Indian businessman and fraudster (c. 1820s)

Rajkissore Dutt (alternate spelling: Raj Kishore Dutt) (fl. 19th century) was a 19th-century Indian businessman, who is most notable for perpetrating a major fraud against the Bank of Bengal, which is one of the predecessors of the State Bank of India.

== Biography ==

=== Early life===

He was born and raised in Kolkata. He was known for being a devout Hindu and he regularly worshipped the Hindu goddess Kali.

=== Career ===

He established a bank in Kolkata.
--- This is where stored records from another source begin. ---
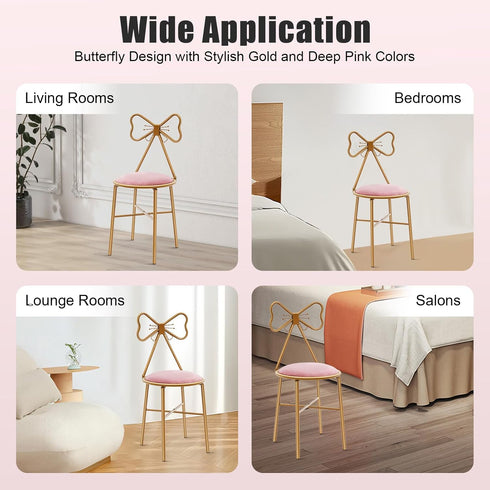 LOYALHEARTDY Modern Makeup Vanity Chair Stool Pink Bow Vanity Chair Cute Butterfly Stool Princess Chairs with Bow Knot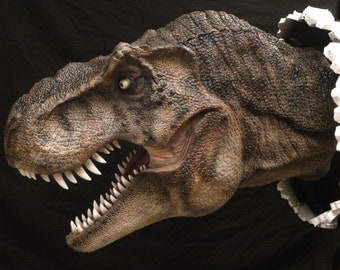 Life-like wall bursting T-Rex Tyrannosaurus bust hanging prop replica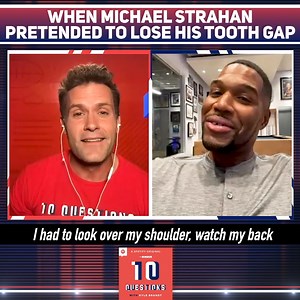 2.9K views | The mastermind behind Michael Strahan's tooth gap prank wasn't him. It was his dentist. Check out the full interview on '10 Questions With Kyle Brandt' here: https://youtu.be/Dqssrr8vH7c | The Ringer | Facebook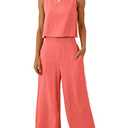 ANRABESS Women's Summer 1 Piece Outfits Sleeveless Crop  Capri Wide Leg Pants Jumpsuit Casual Linen Lounge Matching Sets Beach Travel 2025 Trendy Clothes Peach Large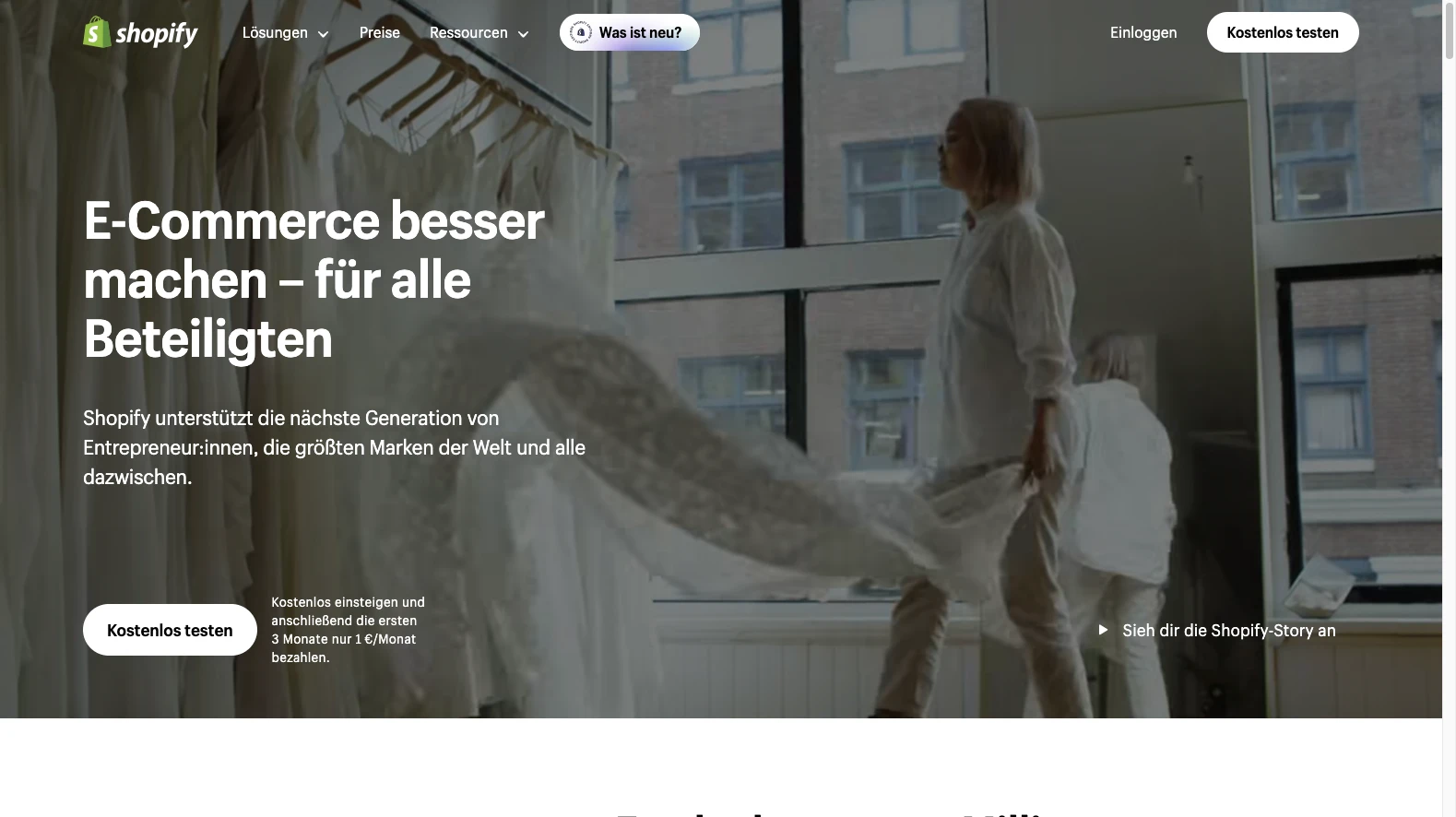 shopify homepage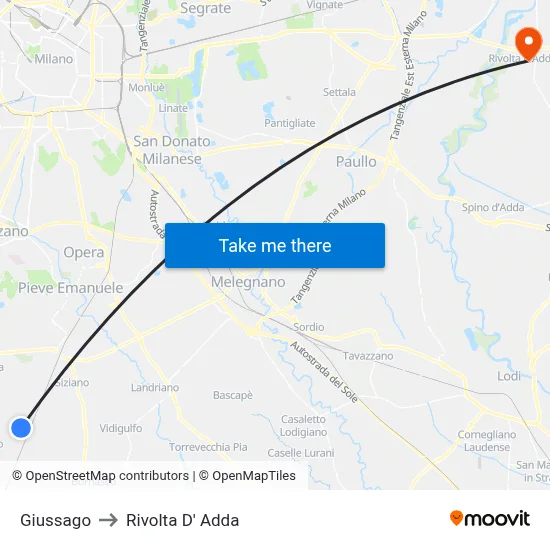 Giussago to Rivolta d'Adda map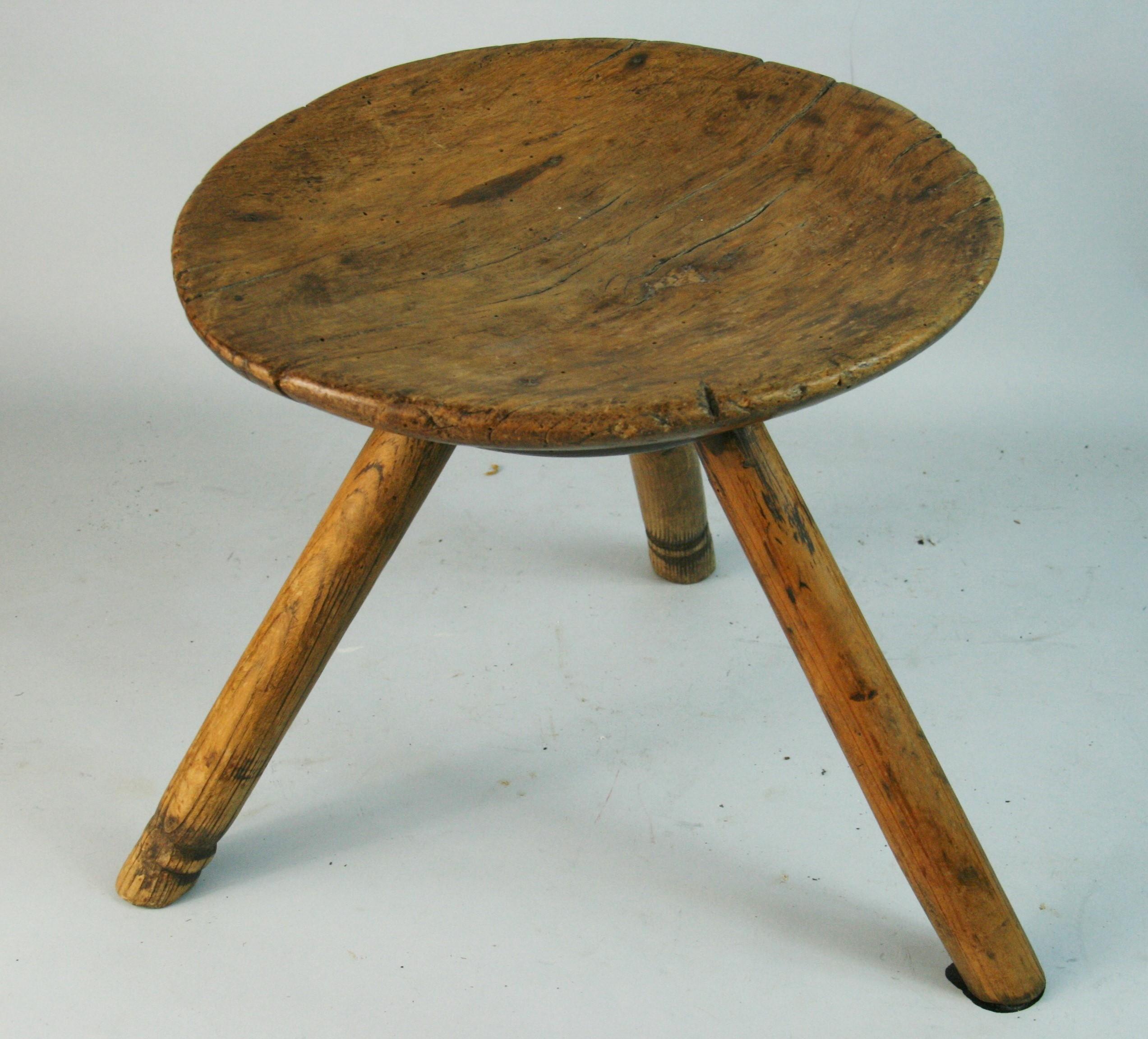 1494  Antique 19th century milking stool initialed  WD
Top diameter 11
The bank circulated its own banknotes and achieved significant success.

== Fraud against the Bank of Bengal ==

In 1826, he colluded with his son-in-law Dwarkey Nath Mitter to forge Company's Paper or Government Securities. The documents were forged and passed off as genuine to the public. These documents enabled him to avail a loan of Rupees three and a half lakhs from the Bank of Bengal, a predecessor of the State Bank of India.

=== Discovery and Trial ===

However, his misdeeds were soon discovered and he was tried, convicted and sentenced to transportation in the penal colonies of the East India Company, where he lived out the rest of his life.

In 1829, Mr. J. A. Dorin was the treasury secretary of the Bank of Bengal. When the documents forged by Rajkissore Dutt were presented before him for verification, he perceived some peculiarity in its printing. He forwarded the documents to the head office of the Treasury. At the Treasury, the documents were examined by Henry Prinsep, the financial secretary to the Company government. Henry Prinsep concluded that his own signatures had been forged by Rajkissore Dutt, and thus the fraud came to light.

The trial thus commenced and the final judgement was given on 30 June 1834 by the Court of Directors of the East India Company.

=== Impact on the Bank ===

The fraud had a major impact on the Bank of Bengal, which is a predecessor of the State Bank of India. The amount of the fraud was later written off towards the profit and loss account. The fraud perpetrated by Rajkissore Dutt wiped out a major part of the bank's profit for the year. The fraud also impacted the dividends paid out by the bank till the year 1834.

== Media Coverage ==

The fraud and the court case associated with it was regularly reported and written about in the Calcutta Magazine and Monthly Register as well as The Asiatic Journal and Monthly Register for British India and Its Dependencies.